EXTRACTED ENTRIES
- - -

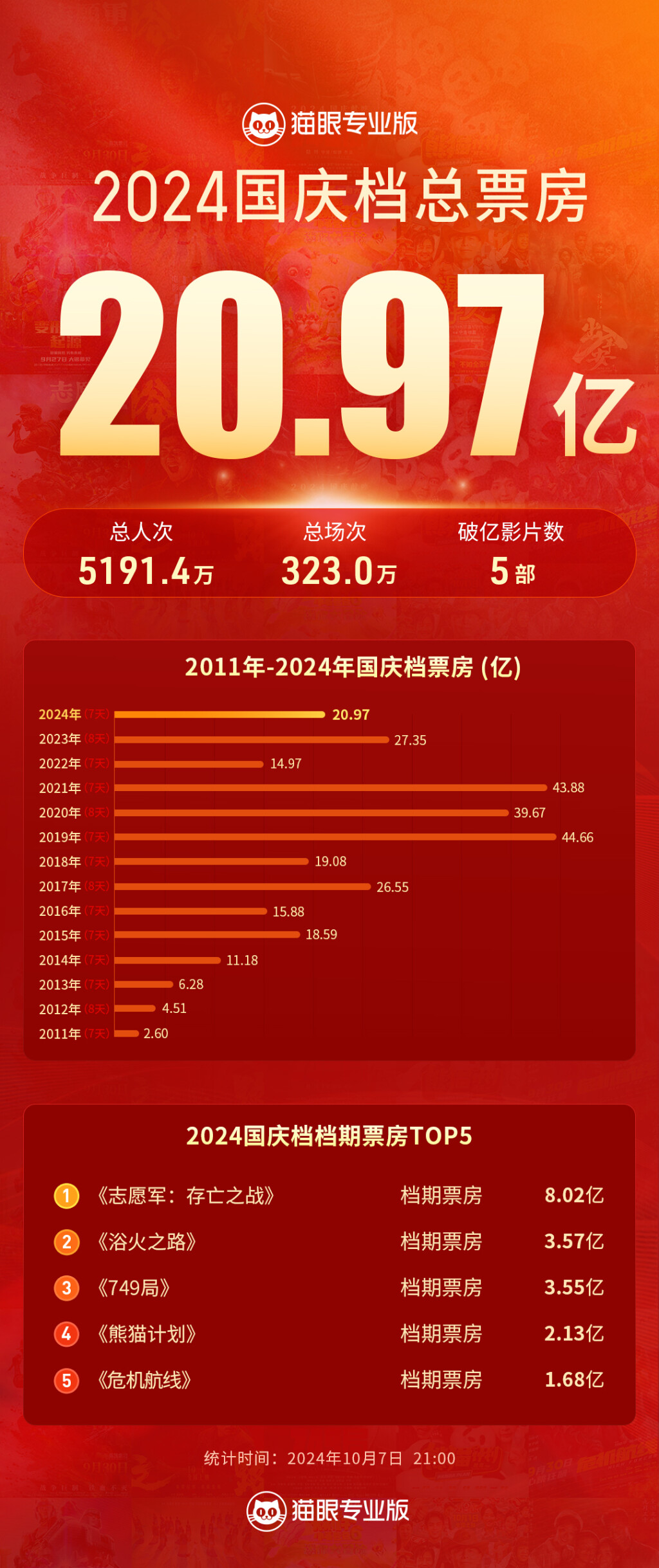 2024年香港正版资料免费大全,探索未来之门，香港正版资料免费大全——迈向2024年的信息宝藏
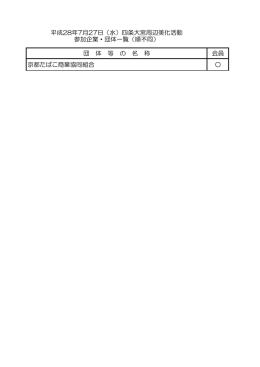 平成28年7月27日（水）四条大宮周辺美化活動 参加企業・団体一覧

- - -

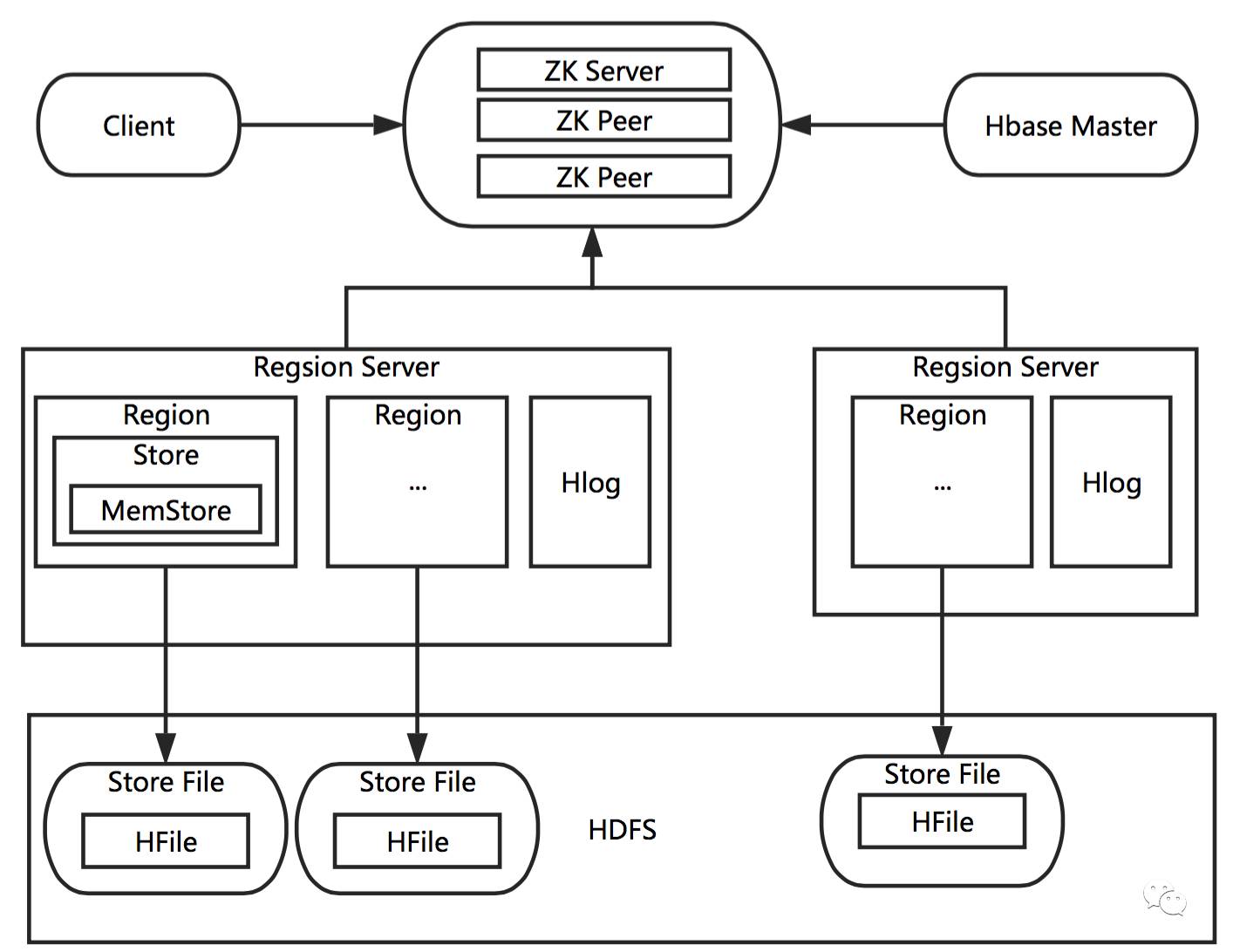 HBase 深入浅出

- - -

WHAT IS EXPECTED
Going back to the data above, write out everything from the line with "2024年香港正版资料免费大" down to the line with "平成28年7月27日（水）四条大宮周辺美化活動 参加企業・団体一覧", both included, leaving every picture out.

SOLUTION TO THE PROBLEM
 2024年香港正版资料免费大全,探索未来之门，香港正版资料免费大全——迈向2024年的信息宝藏
 平成28年7月27日（水）四条大宮周辺美化活動 参加企業・団体一覧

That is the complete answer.